Exercise :: Restate word for word the entries below, starting at the line with "Cover of Carol Rhodes" and ending at the line with "Broşür Baskı ve Kaşe yapımı". Keep both end lines and omit the pictures.

Data extracts ::
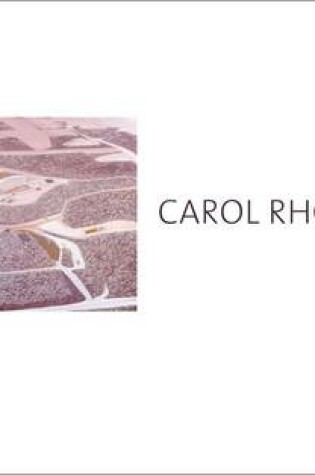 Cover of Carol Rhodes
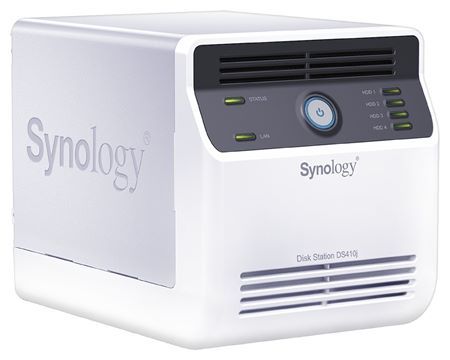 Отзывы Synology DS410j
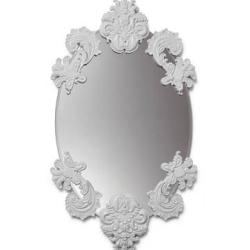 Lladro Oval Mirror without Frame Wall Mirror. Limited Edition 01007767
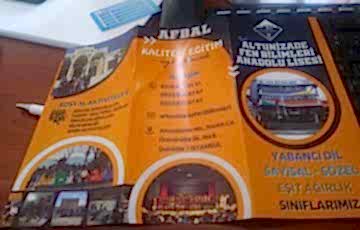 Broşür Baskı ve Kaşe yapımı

* * *

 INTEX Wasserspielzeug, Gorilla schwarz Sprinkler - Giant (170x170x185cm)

* * *

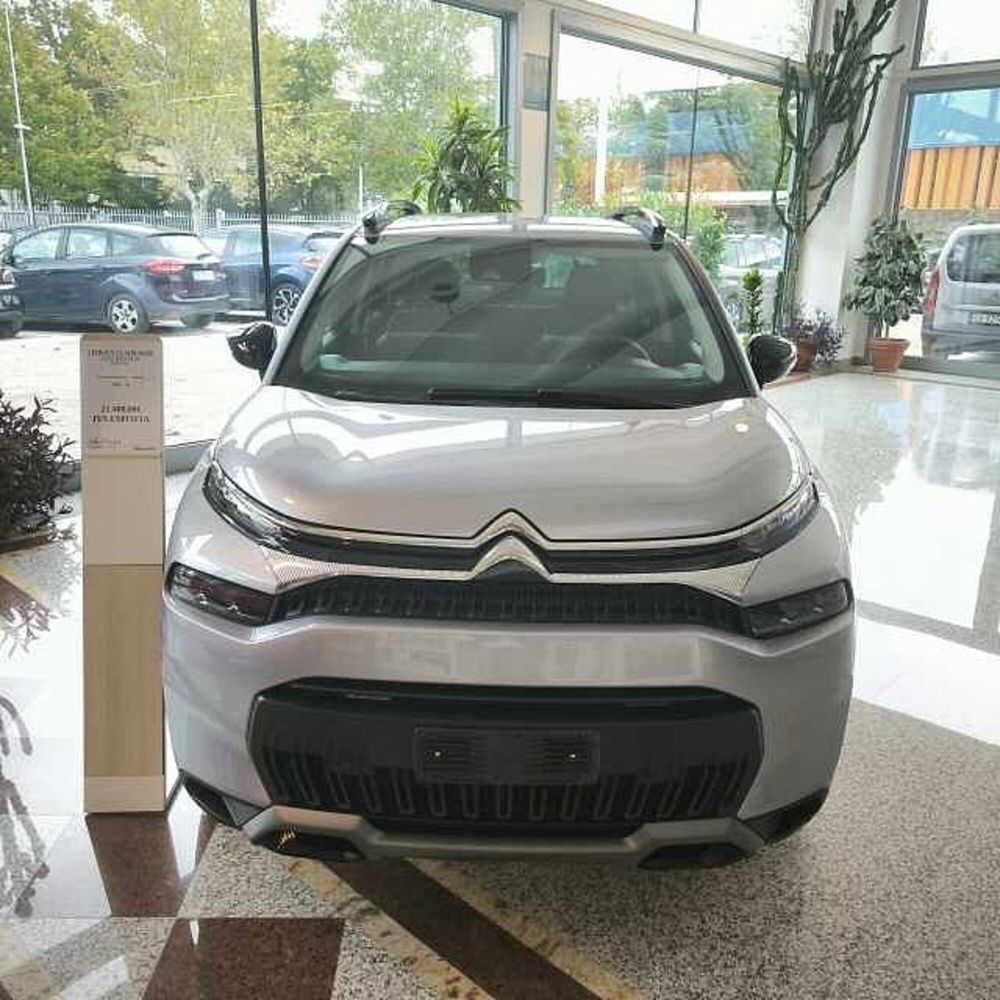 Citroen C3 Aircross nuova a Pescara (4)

Answer for this exercise ::
 Cover of Carol Rhodes
 Отзывы Synology DS410j
 Lladro Oval Mirror without Frame Wall Mirror. Limited Edition 01007767
 Broşür Baskı ve Kaşe yapımı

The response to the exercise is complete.